和裴衿衿通過電話的第二天,施南笙心情頗佳的走進公司,嘴角邊帶著似有似無的笑意,看得從他身後追上來的leo愣了三秒。
不是吧,他好像感覺到施大少爺今天的心情有些小靚噢?
「再看,收費。」施南笙看著電梯樓層變動的指示燈面無表情的說道。
leo不屑的哼出鼻音,「嘁~稀罕?!」
電梯到達一樓,施南笙率先走了進去,看著身邊跟進的leo,打趣道:「今天居然沒遲到。
「還不是拜某個姓施的男人所賜。」
某人啊,整整三天,開大大小小的會議都擺出一副別人搶了他老婆的表情,各部門經理和主管說話都小心翼翼的,生怕哪裡被抓到小辮子給當成了某人的撒氣桶。尤其,平時最愛遲到的他,被某人毫不留情的點名了三次,再有第四次,他屁股底下的那把舒服的大班椅恐怕就要易主了,為了生存,他不得不每天鬧鈴一響就拋棄自己深愛的……大床。
施南笙嘴角微微揚起,說道:「你說我爸?」
「你爸?」
「他姓施。」
「哎,我說施……」
leo的話沒有說完被施南笙突然的動作打斷,只見他伸手迅速的摁下電梯的開門按鍵,原本關上準備上升的電梯停住,打開門。

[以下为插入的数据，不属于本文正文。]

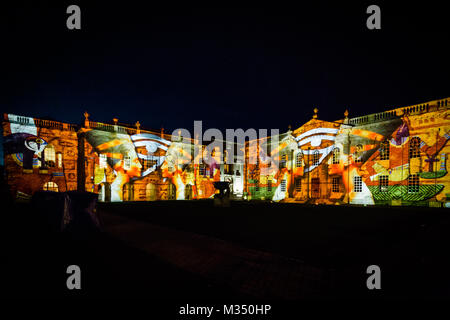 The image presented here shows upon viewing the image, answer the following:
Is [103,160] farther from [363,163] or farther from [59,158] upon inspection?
[363,163]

提著包的孫一萌站在電梯門外看著裡面的幾個高管,應該說,是看著某一個絕對掌權者,連電梯裡其他人向她打招呼都沒有回應,直到leo伸手將她拉進電梯。
「大清早的就上演眉目傳情啊。」leo取笑孫一萌,「昨晚肯定沒睡好吧。」
孫一萌看了leo一眼,向其他同事點點頭,「大家早上好。」
「早上好。」
「孫經理,早。」
和其他人打完招呼孫一萌才側身看著施南笙,「早。」
「早。」
電梯一層層上升,到最後,只剩下在同一樓層辦公的施南笙、孫一萌和leo。電梯停穩後,leo和他們招呼一聲,走出電梯,孫一萌則在出了電梯後跟上施南笙的腳步。
「南笙。」
施南笙站住腳,轉身看著孫一萌,「什麼事?」
孫一萌猶豫了一下,從包裡拿出一份早餐,遞給施南笙,「給你帶的早點。」
施南笙看著包裝精緻的紙盒,手臂剛剛抬起一點,褲兜裡的手機振動了,微揚的手順勢伸進褲兜,拿出手機。